++++ RAW DATA ++++

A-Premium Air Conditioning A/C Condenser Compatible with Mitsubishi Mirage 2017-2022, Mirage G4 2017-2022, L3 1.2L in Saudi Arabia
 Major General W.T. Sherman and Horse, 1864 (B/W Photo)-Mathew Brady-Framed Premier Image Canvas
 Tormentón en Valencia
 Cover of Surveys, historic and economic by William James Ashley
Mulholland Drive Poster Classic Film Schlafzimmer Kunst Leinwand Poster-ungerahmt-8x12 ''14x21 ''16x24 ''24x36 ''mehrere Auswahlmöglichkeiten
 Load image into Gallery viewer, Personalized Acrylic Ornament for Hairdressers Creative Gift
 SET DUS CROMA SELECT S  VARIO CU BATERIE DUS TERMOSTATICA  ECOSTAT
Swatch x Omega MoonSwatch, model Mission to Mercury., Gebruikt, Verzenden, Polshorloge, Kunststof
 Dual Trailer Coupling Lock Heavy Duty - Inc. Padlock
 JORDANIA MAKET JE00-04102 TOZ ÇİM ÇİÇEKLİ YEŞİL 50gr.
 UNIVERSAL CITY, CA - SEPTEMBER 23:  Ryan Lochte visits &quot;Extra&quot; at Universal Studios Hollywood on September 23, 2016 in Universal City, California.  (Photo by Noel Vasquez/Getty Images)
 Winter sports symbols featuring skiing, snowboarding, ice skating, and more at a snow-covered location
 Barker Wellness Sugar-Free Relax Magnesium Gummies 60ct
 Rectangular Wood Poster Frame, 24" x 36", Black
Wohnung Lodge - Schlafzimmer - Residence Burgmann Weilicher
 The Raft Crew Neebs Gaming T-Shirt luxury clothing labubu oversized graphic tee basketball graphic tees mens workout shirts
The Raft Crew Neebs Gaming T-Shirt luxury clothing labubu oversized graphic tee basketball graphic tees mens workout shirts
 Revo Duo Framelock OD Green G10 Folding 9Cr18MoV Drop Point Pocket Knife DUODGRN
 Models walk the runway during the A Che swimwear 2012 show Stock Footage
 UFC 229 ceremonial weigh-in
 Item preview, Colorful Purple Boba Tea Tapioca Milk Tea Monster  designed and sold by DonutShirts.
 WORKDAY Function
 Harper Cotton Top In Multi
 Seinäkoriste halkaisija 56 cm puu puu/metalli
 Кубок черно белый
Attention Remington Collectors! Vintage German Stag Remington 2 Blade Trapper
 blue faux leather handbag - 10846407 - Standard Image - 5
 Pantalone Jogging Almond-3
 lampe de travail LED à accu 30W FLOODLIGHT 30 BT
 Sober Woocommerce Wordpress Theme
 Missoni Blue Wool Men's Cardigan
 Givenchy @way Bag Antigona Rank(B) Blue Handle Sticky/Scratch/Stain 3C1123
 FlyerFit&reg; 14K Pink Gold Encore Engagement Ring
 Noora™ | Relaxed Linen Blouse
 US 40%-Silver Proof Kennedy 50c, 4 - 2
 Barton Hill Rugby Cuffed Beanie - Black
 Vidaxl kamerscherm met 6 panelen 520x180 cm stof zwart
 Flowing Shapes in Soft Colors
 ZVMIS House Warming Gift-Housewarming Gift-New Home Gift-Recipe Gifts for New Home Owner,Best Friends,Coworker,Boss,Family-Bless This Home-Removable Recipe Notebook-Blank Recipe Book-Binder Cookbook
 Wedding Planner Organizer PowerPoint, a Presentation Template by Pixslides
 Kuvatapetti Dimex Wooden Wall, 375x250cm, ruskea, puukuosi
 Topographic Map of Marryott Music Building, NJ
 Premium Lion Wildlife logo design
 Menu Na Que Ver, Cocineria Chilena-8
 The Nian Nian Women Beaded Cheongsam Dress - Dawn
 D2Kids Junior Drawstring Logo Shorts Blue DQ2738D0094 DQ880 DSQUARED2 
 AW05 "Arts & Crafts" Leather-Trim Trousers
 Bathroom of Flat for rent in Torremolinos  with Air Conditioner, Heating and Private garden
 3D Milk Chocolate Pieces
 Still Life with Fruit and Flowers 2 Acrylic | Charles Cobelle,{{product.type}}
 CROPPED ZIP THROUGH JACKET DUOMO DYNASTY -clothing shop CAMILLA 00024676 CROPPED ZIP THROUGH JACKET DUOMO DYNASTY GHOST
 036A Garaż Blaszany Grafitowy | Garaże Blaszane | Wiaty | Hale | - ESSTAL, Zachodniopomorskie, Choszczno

++++

◆ WORK TASK ◆
Copy out, exactly and alone, the lines of the entries above between the ones holding "Rectangular Wood Poster" and "D2Kids Junior Drawstring", inclusive.

◆ RESULT OF THE TASK ◆
 Rectangular Wood Poster Frame, 24" x 36", Black
Wohnung Lodge - Schlafzimmer - Residence Burgmann Weilicher
 The Raft Crew Neebs Gaming T-Shirt luxury clothing labubu oversized graphic tee basketball graphic tees mens workout shirts
The Raft Crew Neebs Gaming T-Shirt luxury clothing labubu oversized graphic tee basketball graphic tees mens workout shirts
 Revo Duo Framelock OD Green G10 Folding 9Cr18MoV Drop Point Pocket Knife DUODGRN
 Models walk the runway during the A Che swimwear 2012 show Stock Footage
 UFC 229 ceremonial weigh-in
 Item preview, Colorful Purple Boba Tea Tapioca Milk Tea Monster  designed and sold by DonutShirts.
 WORKDAY Function
 Harper Cotton Top In Multi
 Seinäkoriste halkaisija 56 cm puu puu/metalli
 Кубок черно белый
Attention Remington Collectors! Vintage German Stag Remington 2 Blade Trapper
 blue faux leather handbag - 10846407 - Standard Image - 5
 Pantalone Jogging Almond-3
 lampe de travail LED à accu 30W FLOODLIGHT 30 BT
 Sober Woocommerce Wordpress Theme
 Missoni Blue Wool Men's Cardigan
 Givenchy @way Bag Antigona Rank(B) Blue Handle Sticky/Scratch/Stain 3C1123
 FlyerFit&reg; 14K Pink Gold Encore Engagement Ring
 Noora™ | Relaxed Linen Blouse
 US 40%-Silver Proof Kennedy 50c, 4 - 2
 Barton Hill Rugby Cuffed Beanie - Black
 Vidaxl kamerscherm met 6 panelen 520x180 cm stof zwart
 Flowing Shapes in Soft Colors
 ZVMIS House Warming Gift-Housewarming Gift-New Home Gift-Recipe Gifts for New Home Owner,Best Friends,Coworker,Boss,Family-Bless This Home-Removable Recipe Notebook-Blank Recipe Book-Binder Cookbook
 Wedding Planner Organizer PowerPoint, a Presentation Template by Pixslides
 Kuvatapetti Dimex Wooden Wall, 375x250cm, ruskea, puukuosi
 Topographic Map of Marryott Music Building, NJ
 Premium Lion Wildlife logo design
 Menu Na Que Ver, Cocineria Chilena-8
 The Nian Nian Women Beaded Cheongsam Dress - Dawn
 D2Kids Junior Drawstring Logo Shorts Blue DQ2738D0094 DQ880 DSQUARED2 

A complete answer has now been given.